Van deze Mūla-sarvāsti-vāda-stroming zijn monniks- en nonnen-regels bewaard gebleven, en een paar doctrinaire opvattingen, waaronder de mening dat er veel morele verdienste schuilt in het brengen van offers (pūja) in een tempelhal (caitya).
Daarin onderscheidden ze zich dan van de hierboven besproken Caitika uit de Andhra-regio die niets ophadden met rituelen.
De Mūla-sarvāsti-vāda-leer leeft in zekere zin nog voort binnen de gelug-richting van het tibetaans boeddhisme.
Deze stroming heeft de Himalaya-stromingen, en zeker de gelug, haar monniks- en nonnen-code (vinaya) nagelaten. De chinese monnik-pelgrim Ijing (I-tsing, 635-713) treft de Mūla-sarvāsti-vādin aan op Java en Sumatra, maar ook in Champa. We moeten ons dan herinneren dat er in Tibet een hervorming heeft plaatsgevonden onder leiding van Ātisha (982-1054) die, geboren in Bengalen, voor zijn komst naar Tibet op Sumatra leefde. Het is dan niet te ver gezocht te veronderstellen dat het met name Ātisha is geweest die de riten van de Mūla-sarvāsti-vāda in Tibet vestigde, inclusief de guru yoga en guru pūja.
Zie ook de bijdrage Guru pāja op de pagina Aspecten van boeddhisme.
De Lokòttara-vāda
De meest omvangrijke traditie in het antieke Gandhara, de streek die op de grenzen van India, Pakistan en Afghanistan lag, moet de Lokòttara-vāda zijn geweest, de Weg van het Bovenwereldse. Deze richting had een of meer kloosters nabij Bamiyan in Afghanistan.
Iets meer over deze stroming kunt u lezen op de Pakistan-Gandhara-pagina, terwijl het bekopte commentaar op de Avatámsaka Soetra, deel vier van hoofdstuk 37 en hoofdstuk zeven nog beknopter een enkel ander aspectje belicht.
Theravāda en Sarvastivāda in de Dhammapāda
februari 2008
Daar was de opvatting dat "alles bestaat; het verleden, het heden, en de toekomst bestaan werkelijk en substantieel (dat wil zeggen in een of andere zintuiglijk ervaarbare vorm)", de opvatting van de sarvastivāda, en er is de opvatting dat het verleden er niet meer is, dat het heden te vluchtig is om aangeraakt te kunnen worden, en dat de toekomst er nog niet is, het standpunt van de theravāda.
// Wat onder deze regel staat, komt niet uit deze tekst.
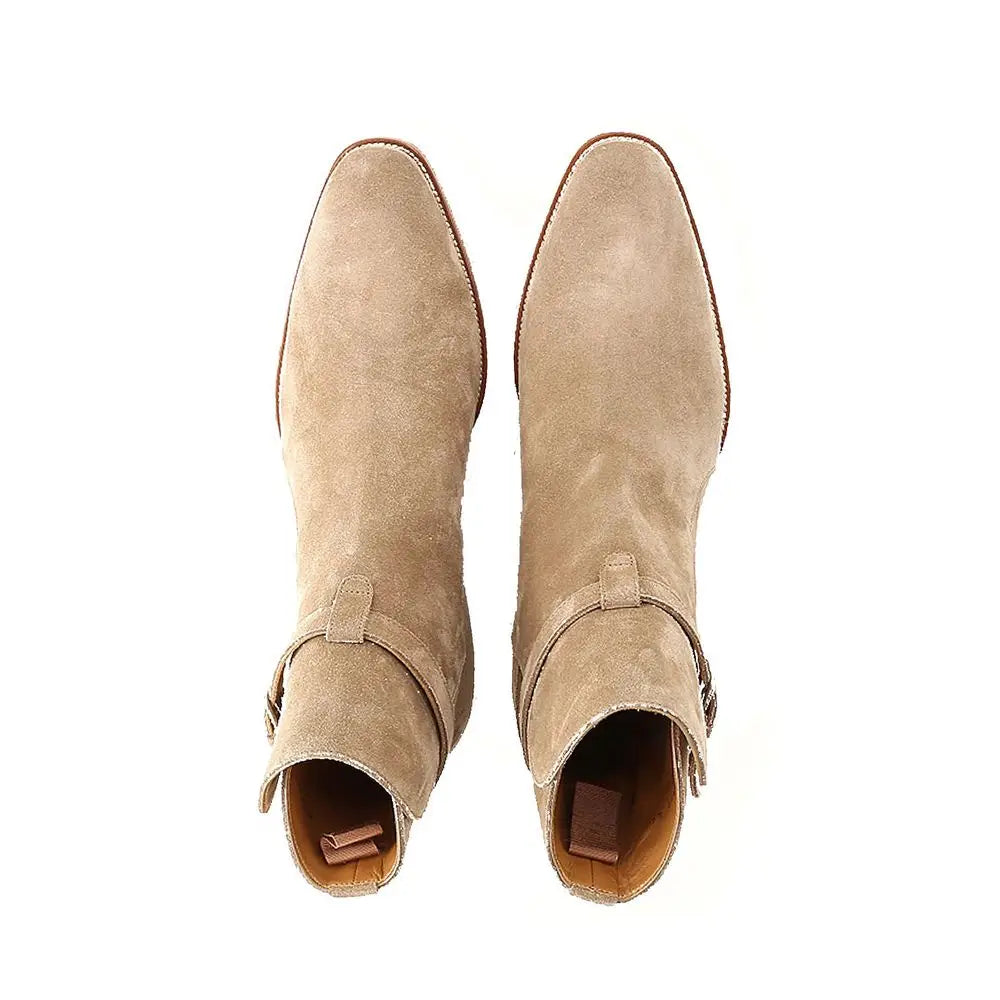 Saint Laurent beige calfskin ankle boots med spændt tå og justerbar rem i høj kvalitet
Ze worden heel even aangeraakt in het eerste vers van de Dhammapāda.
verder
december 2020
In de deelstaat Madhya Pradèsh, zuidwest van Ashoknagar, tussen Bhopal en Ahmedabad, en ten noordoosten van Nagpur ligt een vierde tot negende-eeuwse site, de Dharma-rádjesh-war-tempel (Dharmarajeshwar) in de buurt van de plaats Garóth. Free Press Journal had op 24 november 2020 een bericht over een fietsclubje dat ook deze site had aangedaan.
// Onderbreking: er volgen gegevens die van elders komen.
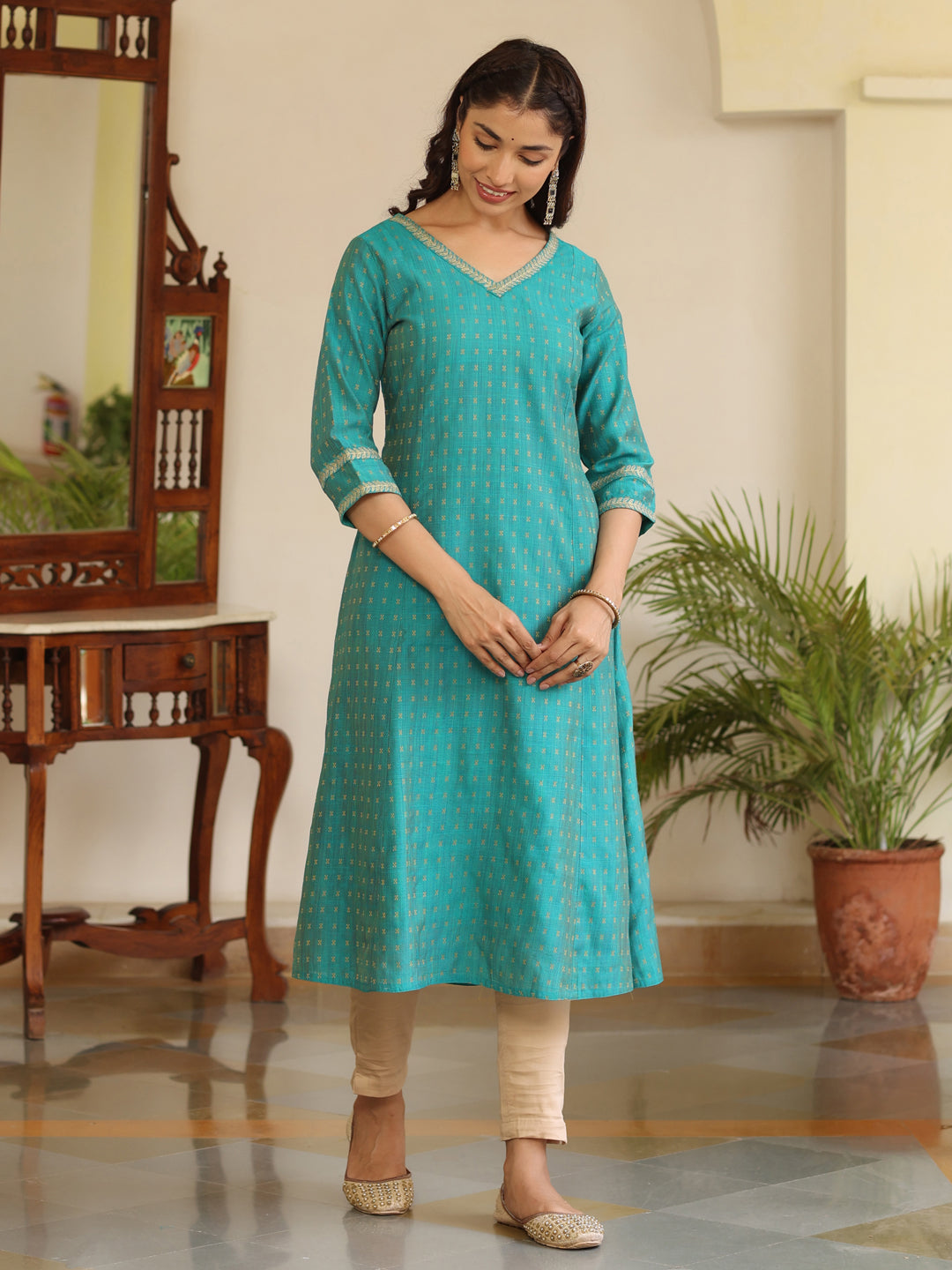 Turquoise Self Weave Chanderi A-Line Princess-Cut Embroidered Kurta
De Dharma-rádjesh-war wordt een hindu-boeddhistische rotstempel genoemd. Dat wil zeggen dat er verschillende gebouwen staan, voor het merendeel hindu-tempels, en voor wat betreft de overblijfselen van een of meer anderen boeddhistische, zoals de hier getoonde Damnar-grot en het bas-relief van een boeddhafiguur aan de buitenkant van een 4de-5de eeuwse grottempel.
De ruimte in de door boeddhisten uitgehouwen grot wordt een chaitya genoemd — zie ook de afbeelding boven de theravāda soetra-paginas, en kenmerkend ervoor is dat er geen boeddha- of andere beelden zijn nagelaten.
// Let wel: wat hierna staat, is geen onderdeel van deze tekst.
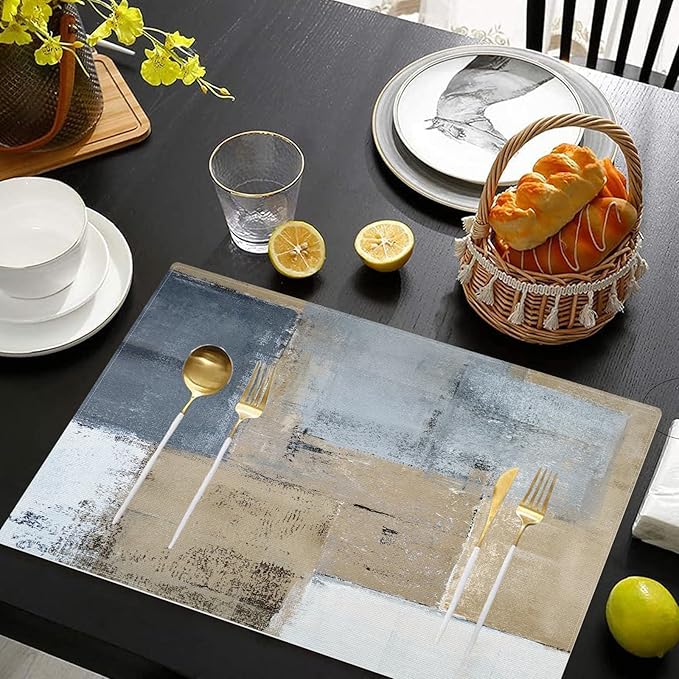 Grey Brown Placemats Set of 4 Modern Place Mats Indoor Abstract Art Table Mat Washable Linen Waterproof Heat Resistant Placemats for Dining Tables, 18 X 12 Inch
Nog afgezien dat de aanwezigheid van de chaitya (spreek: tsàj tja) aangeeft dat boeddhisten hier eerst waren — waarna saivisten zich naar binnendrongen, is de vermelding van de afwezigheid van beelden binnenin de grottempel op twee manieren op te vatten: ofwel de monniken die daar woonden hebben na de "overname" de plaats verlaten met medeneming van (de) beelden, danwel hebben we hier te maken gehad met bijvoorbeeld de Caitīya of Caitika die van mening waren dat het eren van een stoepa niet veel morele verdienste opleverde. (1)
Wanneer we kijken naar de grottempels waarin, zoals op de foto te zien is, achterin een stoepa staat waaromheen meestel circumambulatie plaatsvindt (maar niet hier, omdat de ruimte aan de linkerkant te krap lijkt, wellicht een teken van verslechterende omstandigheden — 4de-5de eeuw nc. — vlug-vlug aan de slag moeten), dan zien we over het algemeen dat van verdere standbeelden of bas-reliefs is afgezien, en dat het alleen voorkomt dat aan de voorzijde, buiten, een paar beelden zijn geplaatst. Dat is logisch omdat immers de stoepa de complete leer van Boeddha verbeeldt, en er dus geen verdere voorstellingen nodig zijn om dat nog eens te verduidelijken. We hebben het dan over stromingen die tussen het Kleine Voertuig en het Grote in staan, groepen monniken die Nalanda, Bodhgaya, en zeker Vikrama-shīla verlieten na luidruchtige instroom van Himalaya-praktikanen en hun indiase leraren die overigens, tot dan toe, geen voet aan de grond hadden gekregen.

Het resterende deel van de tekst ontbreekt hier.